The White House has the power to temporarily protect taxpayers from middle-class tax hikes even as upper income rates rise if Congress does nothing and all of the Bush-era tax rates expire in January.
Experts and lawmakers alike agree that Treasury Secretary Timothy Geithner has the power to adjust how much is withheld from paychecks for tax purposes — for all taxpayers or just for some.
“If we were to, say, go over the cliff and the rates go up, he could modify those withholding tables such that the average employee out there would not effectively see any more or less taken out of his paycheck,” said Bill Hoagland, senior vice president at the Bipartisan Policy Center.
The tactic could buy Washington precious time to strike a tax agreement without pinching the economy, but it carries substantial risk. If the administration miscalculates where rates end up, tinkering with withholding could morph tax refunds into hefty bills.

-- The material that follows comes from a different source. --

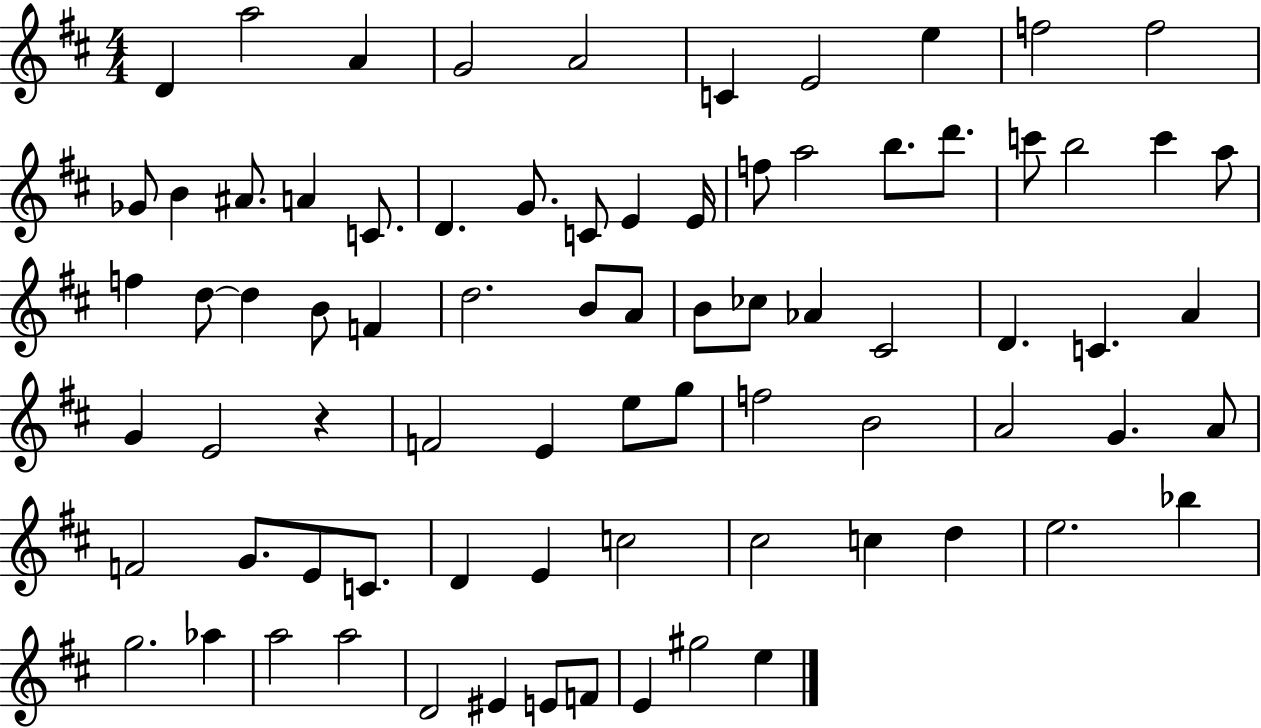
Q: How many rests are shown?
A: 1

“If you want to go down this route, you had better be pretty sure that, at the end of the day, you know what the outcome is going to be,” said Joseph Minarik, senior vice president and director of research at the Committee for Economic Development. “If you guess wrong and taxpayers have to write checks next April…they’re not going to be happy.”
Under the law, it is Geithner’s responsibility to set withholding tables that employers use as a guide for how much to keep from paychecks, and to do so in a way that is “most appropriate” to carry out current tax law.

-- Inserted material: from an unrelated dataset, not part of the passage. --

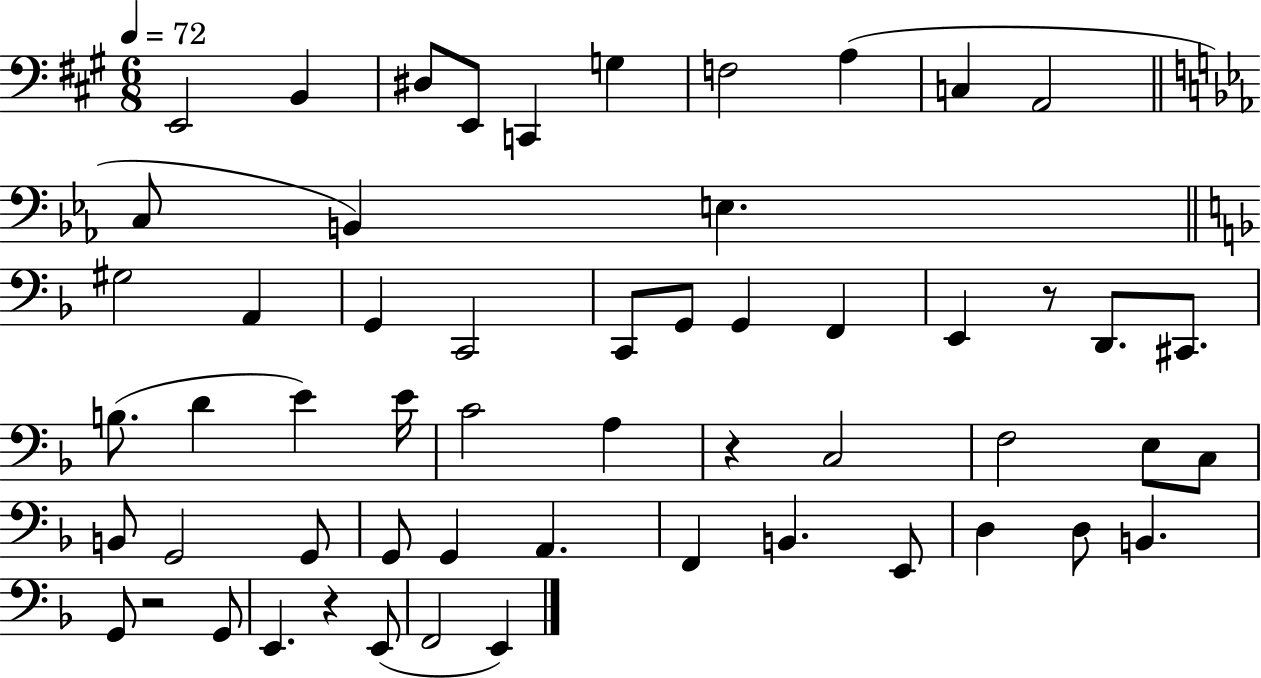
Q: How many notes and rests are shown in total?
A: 56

But with the White House and Congress knee-deep in haggling over tax rates, many are wondering what “most appropriate” might mean if rates jump at the beginning of 2013, especially if Washington seems to be on the cusp of some sort of tax deal.
Geithner could opt to not adjust withholding to reflect the new rates, either in anticipation or hope of a new deal reinstating lower rates.
Experts believe Geithner could even go so far as to adjust withholding to reflect the White House’s preferred policy — higher rates on the nation’s top 2 percent of earners and lower rates on everyone else. In fact, Minarik said the president could even use withholding as leverage in negotiations with Republicans if it came to that, using the tables to argue he is protecting the paychecks of the middle class.
Lawmakers on both sides of the aisle acknowledge Geithner has this power, even if they hope to be productive enough to make it irrelevant.
Sen. Chuck Schumer (N.Y.), the No. 3 Democrat in the chamber and a member of the tax-writing Finance Committee, told reporters this week that he hoped a deal would be in place before the end of the year, making the withholding option unnecessary.
But Sen. Ben Cardin (D-Md.), also a Finance member, told The Hill that, if push came to shove, he hoped Treasury would only manipulate withholding tables if Congress and the White House seemed close to a deal.
“You’ve got to have some reason to withhold, because it causes a huge hardship if you don’t have realistic withholding schedules,” Cardin said.
Cardin also noted that Democrats and Republicans are in general agreement that tax rates should stay the same for family income under $250,000 a year, so keeping current withholding tables for those taxpayers could be an option, if necessary.
“If there’s optimism as to how that’s going to become part of a deal, then OK,” he said.
Sen. Orrin Hatch (Utah), the top Republican at Finance, essentially agreed with Cardin, saying he believed that the administration had broad powers on the tables and that he hoped modifying them would be a last resort.
“That would be the hope,” Hatch said, when asked if Treasury should only freeze tables if a deal was imminent. “There’s no doubt in my mind they can do it if they want to.”
One downside to the strategy is that it has a limited shelf life. If withholding is kept lower than the rates in the law, that means the tax bill at the end of the year will be that much higher. So if no deal emerges to bring rates back down to the level reflected in the withholding, it will be up to taxpayers to make up the difference.
“I could see this working for basically a quarter,” said Hoagland.
By taking a look at withholding tables, the administration also would only be able to influence a portion of the tax hikes in the "fiscal cliff." Withholding rates, for instance, have nothing to do with the alternative minimum tax, the estate tax or taxes on capital gains and dividends, all of which are also expected to spike or hit many more taxpayers without a fiscal-cliff agreement.
Still, tinkering with withholding tables is not unprecedented. In 1992, President George H.W. Bush lowered withholding rates in an effort to stimulate the economy by increasing the size of people’s paychecks.
While both parties agree the Treasury has the power to control withholding, it remains an open question whether Geithner himself is looking to use it.
The Treasury Department declined to answer questions about withholding, but pointed to comments Geithner recently made that seem to throw cold water on the notion.
“Don’t look to that as a solution to this problem,” he told Bloomberg’s Al Hunt. “Don’t over-interpret what that authority gives me. Again, it does not give me the authority to ... let them avoid making some decisions on rates and policy.”
A GOP aide on the Hill also pointed to those comments in saying it was “clear that withholding tables need to reflect the rates.”
“While he has this authority, he knows he has this authority, it’s not something that they seem to be at least considering,” said Hoagland.